== Segment start ==

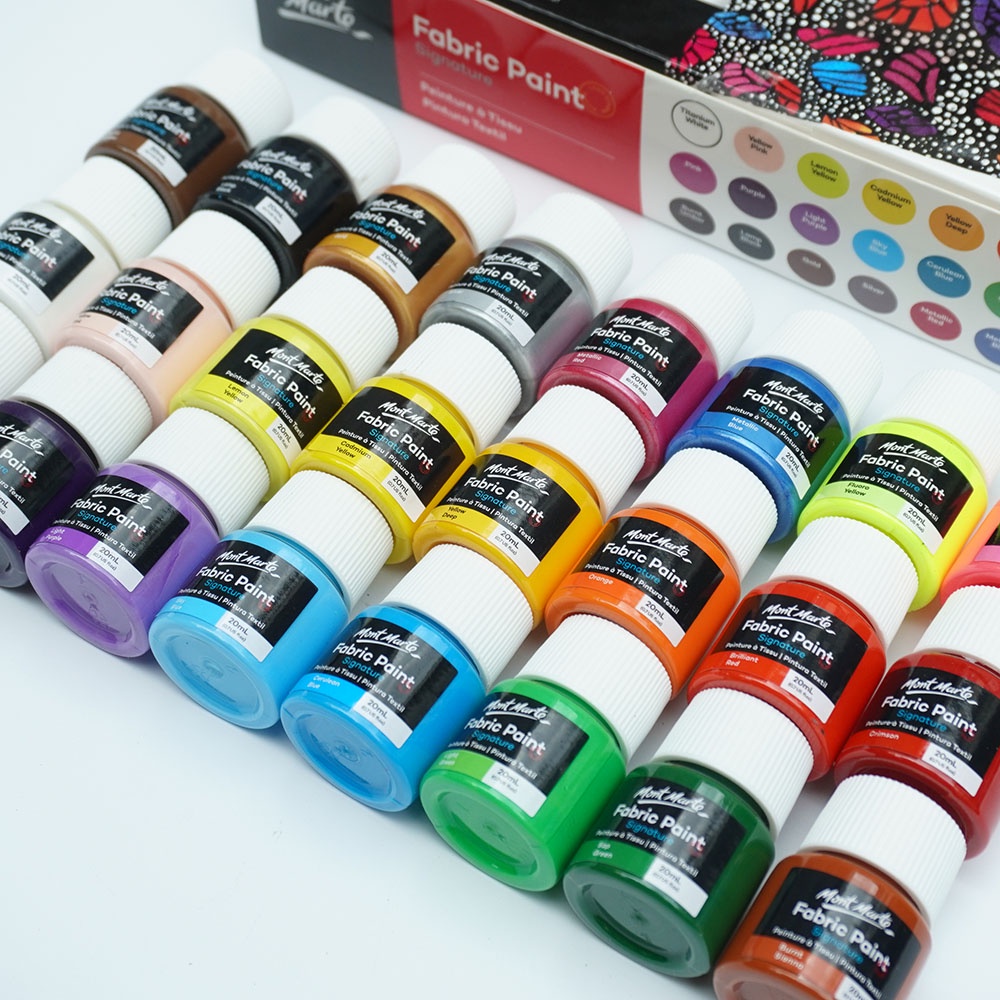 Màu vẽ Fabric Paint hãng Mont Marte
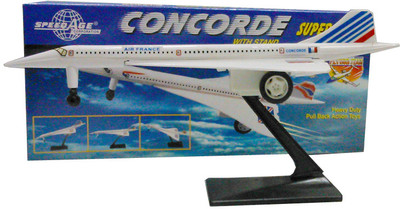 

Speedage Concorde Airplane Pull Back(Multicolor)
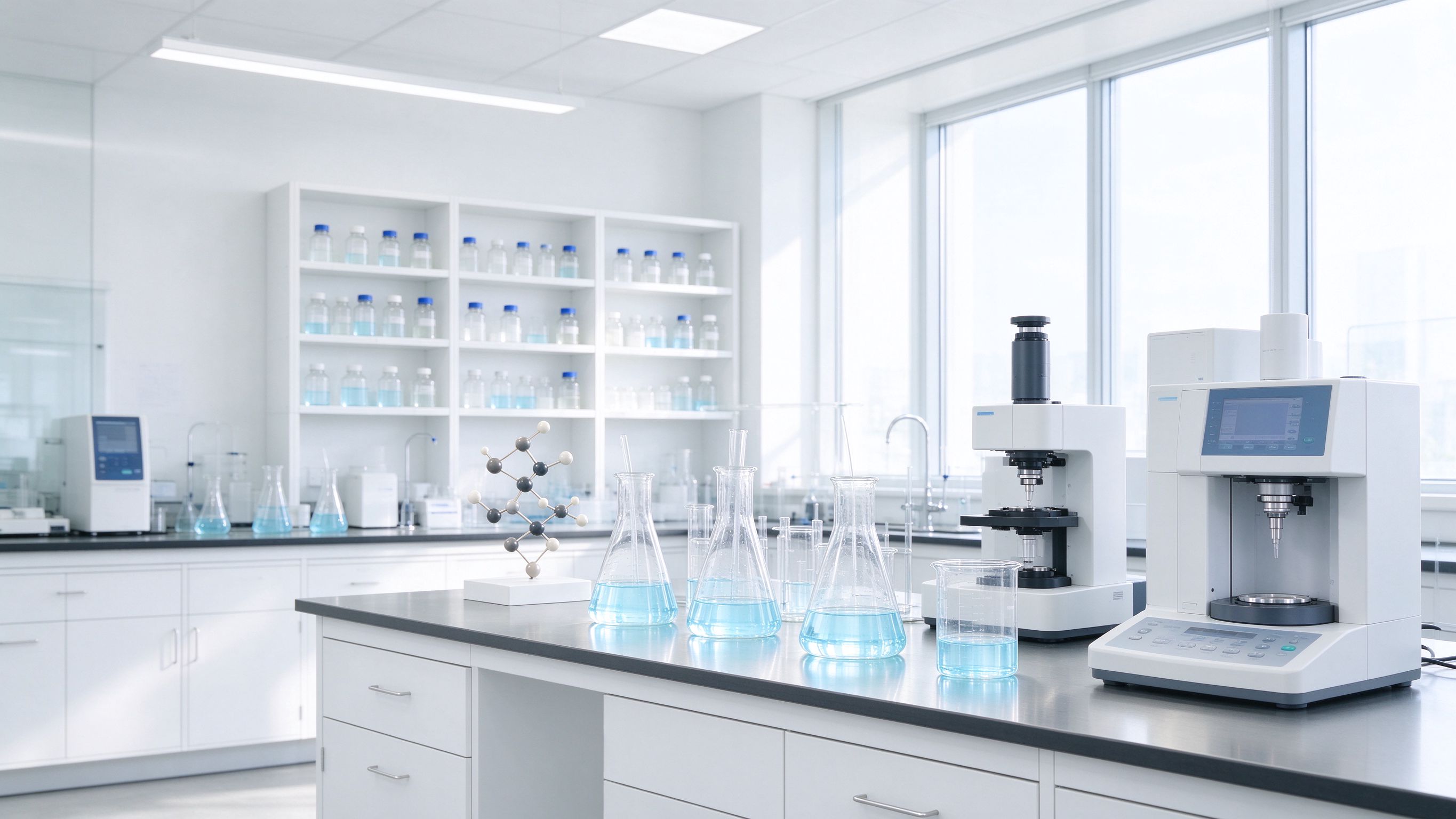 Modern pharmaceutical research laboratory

== Segment end ==

*YOUR OBJECTIVE*. Please retype the data exactly as it appears, but without any of its pictures.

*TASK RESULT*.
 Màu vẽ Fabric Paint hãng Mont Marte

Speedage Concorde Airplane Pull Back(Multicolor)
 Modern pharmaceutical research laboratory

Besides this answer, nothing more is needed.